PowerScale: nodes panic: Assertion Failure kernel:pdm_entries_get_cacheable_entry+0x48e
Sommaire: Multiple PowerScale nodes panic with stack: Assertion Failure kernel:pdm_entries_get_cacheable_entry+0x48e, kernel:pdm_member_generate_entry+0xda
Symptômes
Multiple PowerScale nodes panic with stack:
ipfw2 (+ipv6) initialized, divert loadable, nat loadable, default to accept, logging disabled mce2: Interface stopped DISTRIBUTING, possible flapping panic @ time 1642530761.327, thread 0xfffffea7a8a76580: Assertion Failure time = 1642530761 cpuid = 24, TSC = 0xe457b789d574ac Panic occurred in module kernel loaded at 0xffffffff80200000: Stack: -------------------------------------------------- kernel:isi_assert_halt+0x2e kernel:pdm_entries_get_cacheable_entry+0x48e kernel:pdm_entries_get+0x95 kernel:pdm_entries_get_global+0x33 kernel:pdm_get_painted_domids+0x2e2 kernel:pdm_member_generate_entry+0xda kernel:pdm_member_get_membership_entry+0x1b7 kernel:pdm_member_init_operation+0x16d kernel:ifm_init_operation+0xb7 kernel:txn_i_include_vnode_to_list+0xc0 kernel:pdm_vget_adsio_txn_include+0x12c kernel:pdm_domain_paint_adsdir+0x41 kernel:pdm_unlink+0x1f0 kernel:bam_rename+0x2bcb kernel:ifs_vnop_wraprename+0x96 kernel:VOP_RENAME_APV+0x9b isi_lwext.ko:lwextsvc_rename+0xe35 kernel:amd64_syscall+0x380 -------------------------------------------------- *** FAILED ASSERTION !pdm_lk_is_held(domid, PDM_EXCLUSIVE) @ /b/mnt/src/sys/ifs/pdm/pdm_ops.c:443: Disabling swatchdog Dumping stacks (40960 bytes)
Cause
Caused by the following defect: PSCALE-63084: FAILED ASSERTION !pdm_lk_is_held(domid, PDM_EXCLUSIVE) @ /b/mnt/src/sys/ifs/pdm/pdm_ops.c:443 During ADS rename
This issue is related to ADS (alternate data streams) workflow.

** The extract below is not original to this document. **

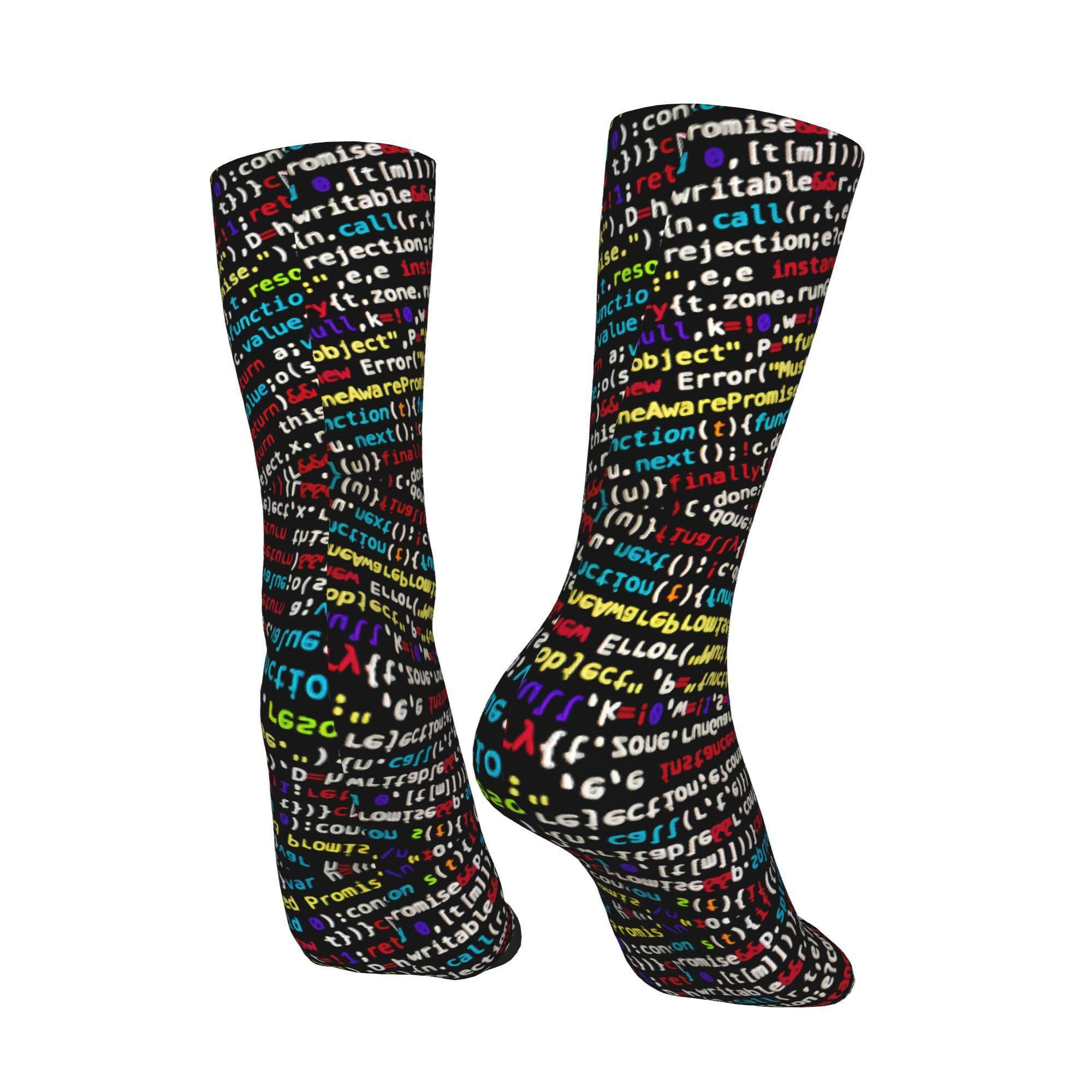 Men' Linux & Python Coding-Themed Full-Body Print Sock - Tech Gift for Programmers, Casual Wear for Conventions & Daily Use -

Alternate Data Streams is a data structure used within Windows that stores metadata-types of information about a file, such as comments about a file. It does not exist in FreeBSD (which is the underlying file system of OneFS on Isilon), but OneFS supports it and it is treated as a file within OneFS.

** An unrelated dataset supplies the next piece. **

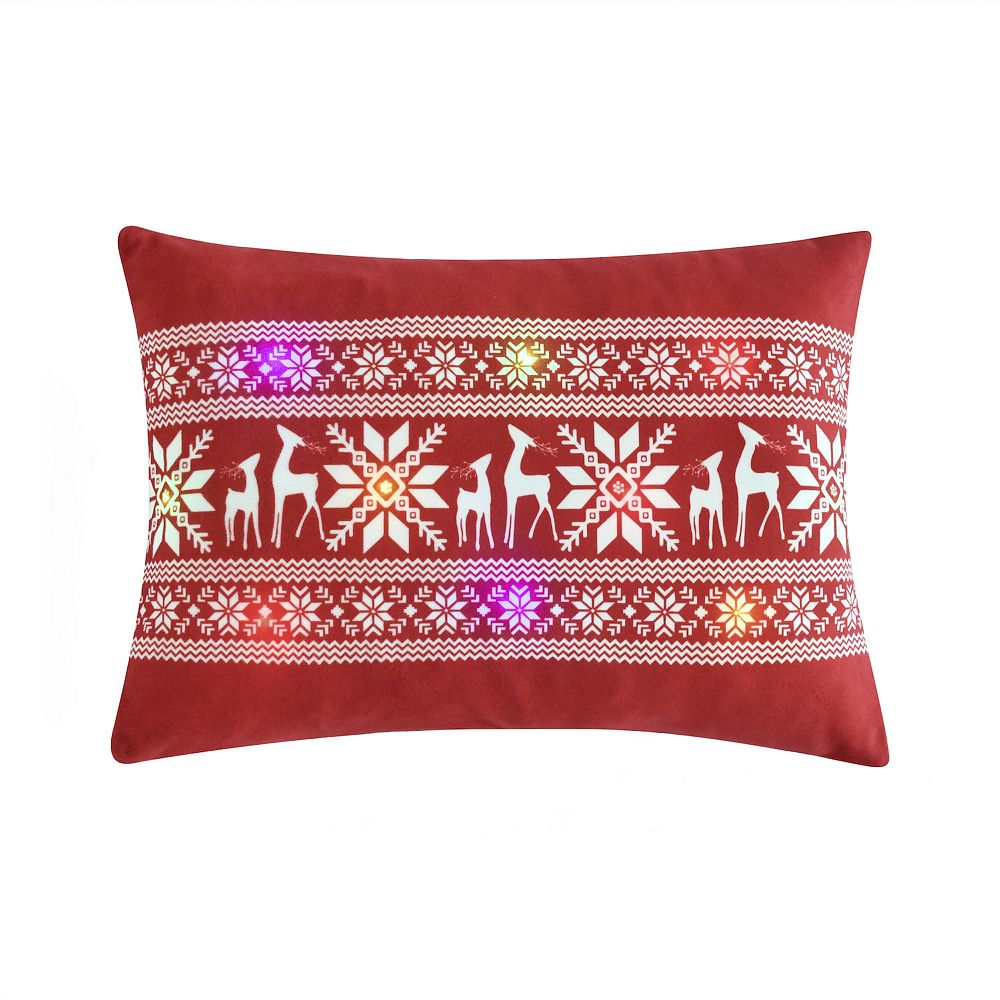 Lush Decor Snowflake and Reindeers LED Light Decorative Pillow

The race condition occurs when OneFS renames an ADS file across a domain boundary (in or out of snapshot) in order to overwrite a hard linked ADS file. This causes a node to become unresponsive when an operation was attempted. As a result, data unavailability (DU) may occur.

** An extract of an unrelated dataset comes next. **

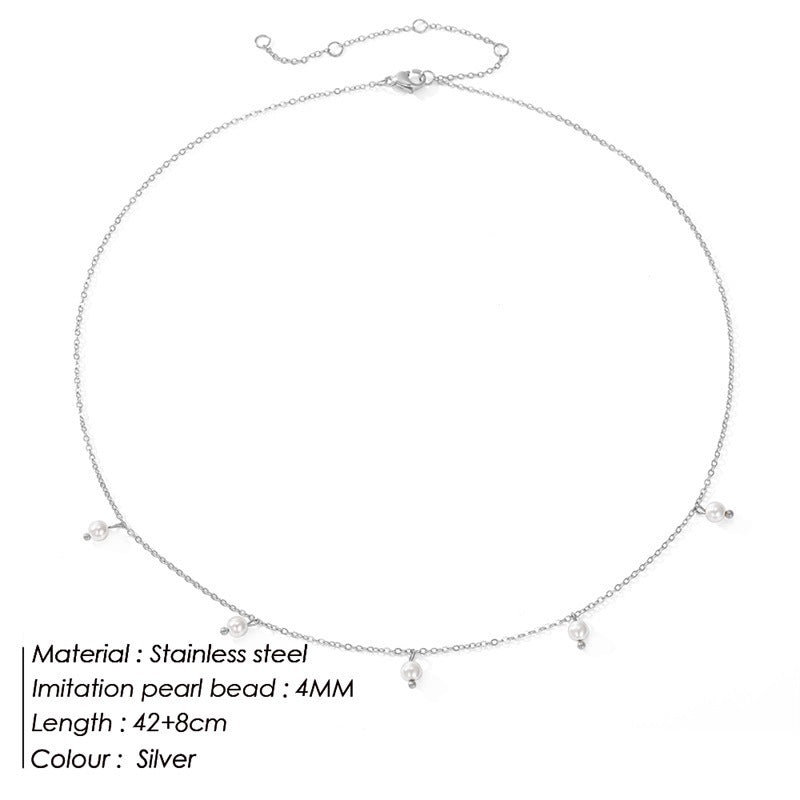 Women's Stainless Steel Imitation Pearl Tassel Fashion Style Niche Necklaces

How to determine whether a cluster is at risk for this issue?
The cluster is running OneFS code older than 9.3.0.0.
If workflow does not use ADS and 'rename' operations, then OneFS will not experience this issue.
Résolution
Upgrade to OneFS version 9.3.0.0 or above.
Workaround:
If needed, PowerScale Support can study the collected minidump from the panicked node in order to help us identify what file/folder was associated with the panic.